> **What to work on**: In the material below, the lines from the one containing "Heartwarming interaction between" through the one containing "Bloody mary being" are to be given again exactly, ends included, and no others.
**** Dataset extract
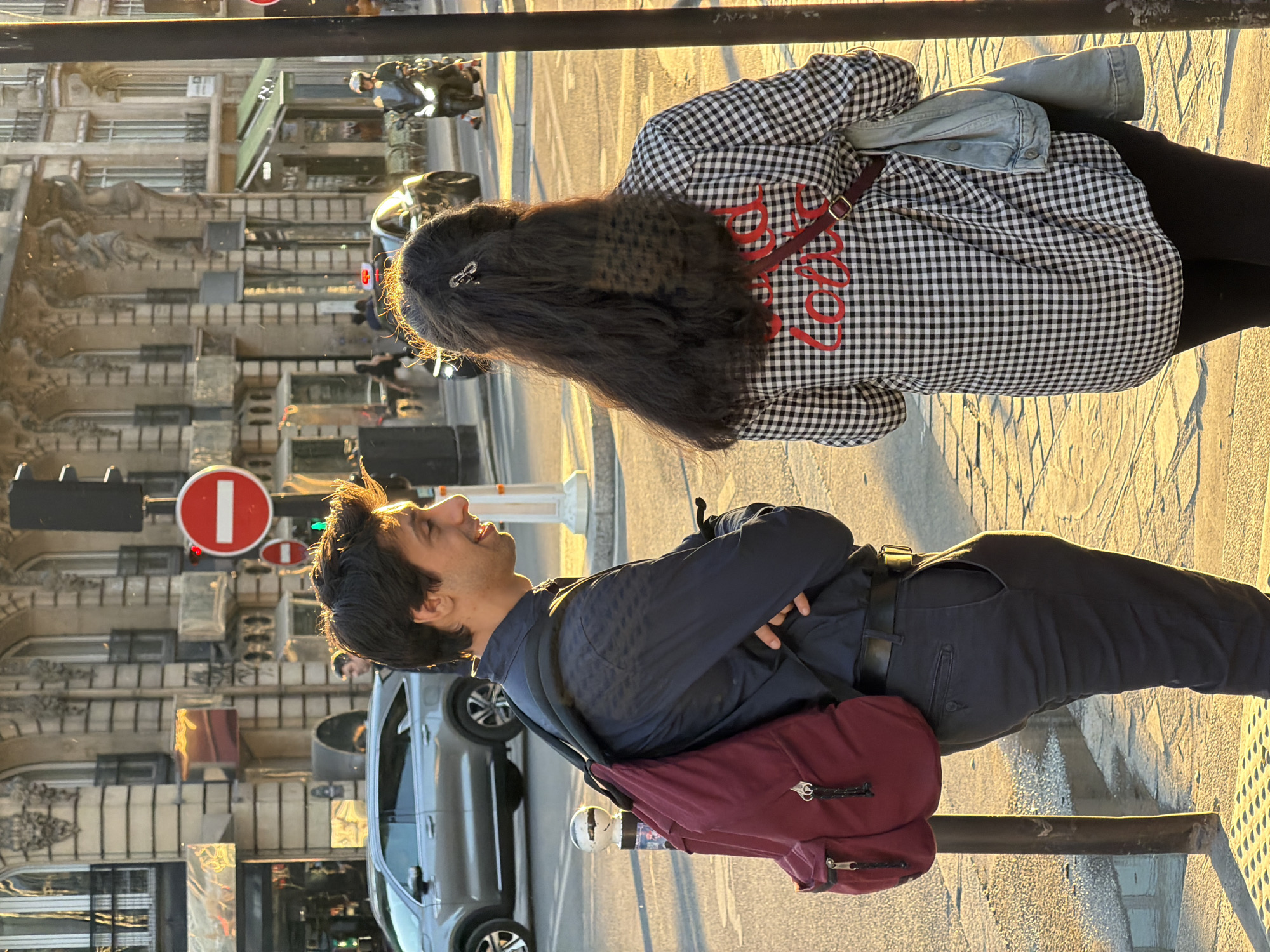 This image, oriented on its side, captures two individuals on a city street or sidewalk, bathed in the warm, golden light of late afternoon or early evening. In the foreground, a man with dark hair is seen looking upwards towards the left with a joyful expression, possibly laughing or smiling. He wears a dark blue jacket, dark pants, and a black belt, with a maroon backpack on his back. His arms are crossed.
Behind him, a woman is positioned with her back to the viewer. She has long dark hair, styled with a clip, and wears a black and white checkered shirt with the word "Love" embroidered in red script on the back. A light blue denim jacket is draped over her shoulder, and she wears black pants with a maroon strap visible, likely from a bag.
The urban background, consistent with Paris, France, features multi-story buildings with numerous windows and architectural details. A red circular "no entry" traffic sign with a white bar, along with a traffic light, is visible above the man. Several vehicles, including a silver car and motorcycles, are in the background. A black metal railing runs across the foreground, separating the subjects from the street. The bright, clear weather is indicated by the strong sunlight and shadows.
********
**** Dataset extract
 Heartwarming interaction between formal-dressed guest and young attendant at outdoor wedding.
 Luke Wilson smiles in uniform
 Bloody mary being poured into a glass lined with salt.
********
> **Solution to the exercise**:
 Heartwarming interaction between formal-dressed guest and young attendant at outdoor wedding.
 Luke Wilson smiles in uniform
 Bloody mary being poured into a glass lined with salt.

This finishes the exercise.